Twilight cliches will not excuse my night of impropriety for the singular sensation of being lovestruck. I have been in love before, and this, in comparison, was tepid. Nevertheless, the warming sensation in my body when I saw her, the uncanny inability to speak when I hugged her. My sudden seizing up, my instaneous lack of witticisms, my tongue hardening up-- it was all new and unexpectedly paralyzing.
A few flashes of time and space later, and I was at the Avon for a midnight movie. It was hot. I was drunk and tired. I was hungry. I got up suddenly and made my way over to the concession stand.
The fuckers at the snack bar said the concessions were closed. I started waving a 20 and demanding popcorn. They told me again that the vending of movie concessions was over.
I asked where I could find a bathroom. They laughed and shoed me away. I went back into the theater and thought about peeing on the wall. Fuck these people I thought. Screw these goddamn independent film-I'm-too-cool-for-you concession nazis.
At that very moment, I spied a sign on the staircase somewhere near the left side of the theater. It looked like it had been made of bakelite sometime during the height of the art noveau movement. "Rest Rooms" with an arrow going up the stairs. I was halfway there.
I went up the film noir staircase at a hop. Suddenly, halfway up the stairs, I stopped. There were lights flashing behind me. They caught me. I could make a run for it or give myself up. I decided on the later and turned around to expose myself to their guns and ammo, germs and steel.
It was an old vaudevillian theater sign with lights running a set pattern around the prephierary, and the words "AVON THEATER" written in some sort of classic italicized script. I smiled and continued upstairs, around the corner, into the men's bathroom.
It was loud as all hell in there. There was a speaker hidden behind a door, and I could find it. It was somewhere in the ceiling like a big electric snake in the sky.
"Pretty we would both be completely twisted" it whispered, "but there was no going back, (back, back, back on echo), WE WOULD HAVE TO RIDE OUT."
I went over to the urinal.
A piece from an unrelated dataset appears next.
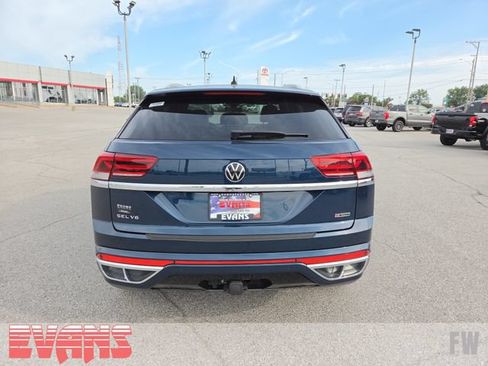 Used 2022 Volkswagen Atlas Cross Sport SEL Premium R-Line AWD/4WD image 28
It was one of those classic six foot solid cast numbers that dropped all the way into the floor like some sort of well.
I came out of the bathroom, there was a candy machine that had not been there before. It was one of those old cigarrette vending machines with the rods. I dropped in 50 cents and pulled on letter e, two mini-toberlones dropped into the tray and I released the device.
I put another 50 cents in. I pulled on letter e, it refused to budge. I pulled the other rods to make sure they worked. letter b worked fine. Two York peppermints dropped into the tray and I stashed them away.
I was out of quarters now. I went back down stairs adn slivered down the row until Io got to where Joy was sitting. I handed her a York peppermint and threw one at Evan. he flipped out, and began screaming I hushed him and went back to watching the film.
We were twisted, but no one cared. I was pretty sure that soemday, in someway, I would be watching a film made by one of us, and with any luck, I would be even more thrashed then I was on that night.